I just bought some acid to clean them, but then I was pondering putting down a roll-on bed liner (dupli-color, rhino lining, herculiner, ect...)

obviously need to put the mats back ontop of the floors after coated but does anyone have a coated floor, likes/dislikes?

what is everyone's favorite product/procedure for cleaning exterior aluminum? will probably acid wash (exposed aluminum) but then what is everyone's favorite sealer/polish to help protect the aluminum from further oxidization and pitting.

Right now have two different aluminum polishes but putting them on/off by hand is a real pain


----------



## Mingiz (Jan 29, 2009)

Great info on Horse Trailer world forum about it.

Horse Trailer World : Trailer Talk : Aluminum floor corrosion and coating


----------



## tim62988 (Aug 30, 2012)

That is where i got the how to clean and idea to coat the floor.
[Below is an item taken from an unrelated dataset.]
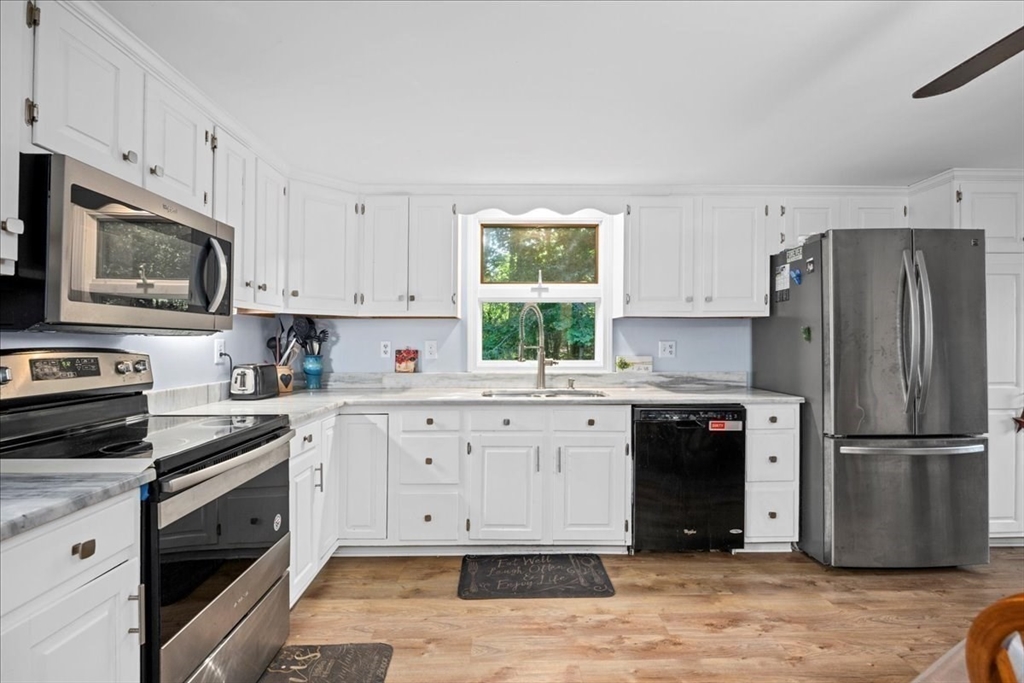 14 Elizabeth Street Dudley, MA 01571 - Photo 10 of 37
I just figured i would check around to see if others have coated the floor and see if it is something they would do again, but also see what others are doing just for varying options


----------



## Mingiz (Jan 29, 2009)

I plan on doing it in the spring to my LQ. I have already pulled everything out of it. Then I'm going to take it to a truck wash to have it acid washed. I will get the liner stuff next. My floor looks pretty good for an 03 trailer. :wink: I just had the roof stripped and re caulked. Next is replacing brake assemblies. :wink:


----------